§ **What you will do**:
Go through the records and count every line that holds "фото". Only the number belongs in the reply.

§ **Data to use**:
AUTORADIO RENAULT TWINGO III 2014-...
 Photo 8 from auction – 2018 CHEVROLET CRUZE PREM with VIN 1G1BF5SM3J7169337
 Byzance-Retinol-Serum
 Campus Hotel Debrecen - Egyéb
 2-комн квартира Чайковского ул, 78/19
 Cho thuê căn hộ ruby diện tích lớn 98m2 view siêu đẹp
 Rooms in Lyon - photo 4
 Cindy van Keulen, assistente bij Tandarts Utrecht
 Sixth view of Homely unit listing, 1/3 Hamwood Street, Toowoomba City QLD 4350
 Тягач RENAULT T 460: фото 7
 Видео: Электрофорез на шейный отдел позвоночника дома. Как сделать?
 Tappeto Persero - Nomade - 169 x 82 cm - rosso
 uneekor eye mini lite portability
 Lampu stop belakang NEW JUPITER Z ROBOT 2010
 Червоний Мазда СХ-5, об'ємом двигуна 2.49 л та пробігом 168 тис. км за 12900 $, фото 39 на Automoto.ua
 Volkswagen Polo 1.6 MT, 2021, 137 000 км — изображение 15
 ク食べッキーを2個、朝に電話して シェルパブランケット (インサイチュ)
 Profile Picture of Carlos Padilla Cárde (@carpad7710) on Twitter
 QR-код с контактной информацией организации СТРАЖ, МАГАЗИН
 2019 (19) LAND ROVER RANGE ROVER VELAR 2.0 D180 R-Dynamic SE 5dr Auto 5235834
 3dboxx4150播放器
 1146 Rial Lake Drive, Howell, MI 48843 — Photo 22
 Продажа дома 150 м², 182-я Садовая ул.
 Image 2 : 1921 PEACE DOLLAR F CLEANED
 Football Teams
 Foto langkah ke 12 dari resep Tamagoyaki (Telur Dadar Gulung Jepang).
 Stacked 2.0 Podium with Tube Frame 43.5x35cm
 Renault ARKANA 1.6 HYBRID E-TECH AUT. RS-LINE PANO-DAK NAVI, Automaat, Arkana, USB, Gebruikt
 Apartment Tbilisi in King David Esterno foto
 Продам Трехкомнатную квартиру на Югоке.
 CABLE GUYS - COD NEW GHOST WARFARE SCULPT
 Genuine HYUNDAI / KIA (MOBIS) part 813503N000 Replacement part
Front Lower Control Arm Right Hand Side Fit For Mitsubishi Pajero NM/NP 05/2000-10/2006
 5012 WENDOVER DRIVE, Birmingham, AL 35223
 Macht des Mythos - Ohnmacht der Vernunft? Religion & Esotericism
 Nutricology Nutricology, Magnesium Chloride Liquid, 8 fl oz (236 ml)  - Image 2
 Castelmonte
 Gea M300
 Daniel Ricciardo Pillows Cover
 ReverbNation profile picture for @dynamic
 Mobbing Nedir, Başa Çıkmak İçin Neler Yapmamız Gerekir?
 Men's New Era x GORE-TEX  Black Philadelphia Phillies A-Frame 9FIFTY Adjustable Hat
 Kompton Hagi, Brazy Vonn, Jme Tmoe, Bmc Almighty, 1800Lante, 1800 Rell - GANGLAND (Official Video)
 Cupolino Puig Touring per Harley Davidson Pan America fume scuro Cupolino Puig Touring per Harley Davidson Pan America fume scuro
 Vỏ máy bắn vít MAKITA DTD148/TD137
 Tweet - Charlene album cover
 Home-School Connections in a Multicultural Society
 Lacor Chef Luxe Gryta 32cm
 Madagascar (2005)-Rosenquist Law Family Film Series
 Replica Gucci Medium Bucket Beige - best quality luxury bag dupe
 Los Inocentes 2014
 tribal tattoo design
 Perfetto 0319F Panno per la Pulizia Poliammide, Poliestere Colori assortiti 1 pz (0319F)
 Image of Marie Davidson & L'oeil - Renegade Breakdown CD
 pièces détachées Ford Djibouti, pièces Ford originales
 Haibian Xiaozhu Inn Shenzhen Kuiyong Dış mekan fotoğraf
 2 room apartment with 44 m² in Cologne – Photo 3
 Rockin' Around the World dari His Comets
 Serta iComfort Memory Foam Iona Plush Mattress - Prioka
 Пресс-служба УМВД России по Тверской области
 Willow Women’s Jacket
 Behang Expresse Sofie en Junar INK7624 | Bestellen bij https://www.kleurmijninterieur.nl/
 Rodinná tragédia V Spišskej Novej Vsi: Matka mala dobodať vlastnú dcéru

§ **Answer section**:
2